Cats&Dogs 96% accuracy is impressive but how to reach near 100%?
The fastai v1 library is amazing and with a few lines of codes you get excellent accuracy.
Classification works great for most cases but what if you cannot afford to misclassify an item? (there could be economic or legal consequences).
What could you do boost your model?
I thought that this could help but I would like your opinion on it.
- Find more examples of your most confused categories (will become overrepresented)
- Train another network to identify only one category (so we would have a single model to identify american_pit_bull_terrier, another for staffordshire_bull_terrier, …)
- May be train for waaay longer?
Would you have other ideas?
You’re always going to have to accept some level of risk (even with well-trained human classifiers). It’s worth knowing what risk you can accept.
Start with the fewest categories you can; when the prediction has probability below a certain threshold get it independently checked by a human. I’m not sure whether having one network per category would help, but I’d try to stick to a single network (easier to maintain, and often works well in practice).
You’ll want an exceptionally well labelled dataset; it’s worth getting each item labelled by a few people to check for consistency. You may want to train another network to identify ambiguous cases, that get validated by a human.
Make sure your validation (and ideally training) data comes from the same place your test data will. Otherwise you can get 100% in validation, but poor performance in practice.
Have a sufficiently large validation set to get a good read of the accuracy (e.g if you’ve only got 20 cases of a class in validation, a lucky guess will make a difference of 5%).
Adding more training data where the classifier performs poorly is a good idea to help differentiate them. This is going to generally be much more beneficial than training for longer, which will just fit to whatever information is in your training data.
I"m finding this to be the hardest part of deep learning as well.
I was training a classifer on fish or not fish as a test model with lots of data, and even if I get 98% plus on both validation, and training, if I randomly scrape the web for images Ive noticed that it continues to make mistakes on random things, despite adding more and more data. Half the time I am like why is it making this mistake.
Even for simple classifcations it seems you really need a lot of data? I dont know what the bound is though.
I"m trying to search for unique image transformations to artifically increase data, and I think I will need to try to learn to build new models? However I have a lot to learn and still playing around with transfer learning.
Training another model for ambigious cases sounds interesting. I will give that a try.
You can and should tailor loss functions (or action on interpretation of results) to the real life impact of false positives and false negatives. For instance, you are probably willing to accept a lot more false positives in order to reduce the level of false negatives in a medical condition classification so that a specialist can take a closer look.
Machine learning models are better thought of as ‘augmenting’ intelligent decisions rather than as a whole ‘artificial’ replacement.
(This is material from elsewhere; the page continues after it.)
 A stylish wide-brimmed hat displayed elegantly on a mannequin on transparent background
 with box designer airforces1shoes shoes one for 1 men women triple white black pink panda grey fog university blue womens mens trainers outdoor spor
Classify and automate the (e.g. 90% of) ‘sure’ determinations, and funnel the remainder (e.g. 10%) through a more reliable process with constrained resource, such as human expert attention. In real life there often isn’t a short term goal of reaching 100% accurate classification.
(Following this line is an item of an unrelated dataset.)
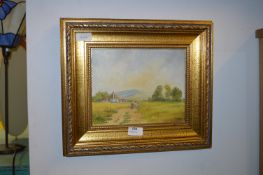 Gilt Framed Oil Painting on Canvas - Country Farm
If you want to improve yours cats/dogs example, the info is right there in the fastai lectures. Use augmentation, progressive training, intelligent consideration of hyperparameters, more training time, and possibly above all enough raw data. With all this, you should be able to reach human levels of classification.
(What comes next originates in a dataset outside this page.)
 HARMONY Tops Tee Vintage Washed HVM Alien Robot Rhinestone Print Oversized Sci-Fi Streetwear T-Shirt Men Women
For reference, I was able to get the cats and dogs to .008% error by using progressive resizing: Progessive resizing = got the pets data in lesson 1 to .008 error(!)
The only one it couldn’t get correct was the two bull terriers…which would likely require more data for those two, or maybe there simply isn’t enough distinguishing visual factors for them (recall Jeremy saying it seemed the only thing was one’s nose was more red or something).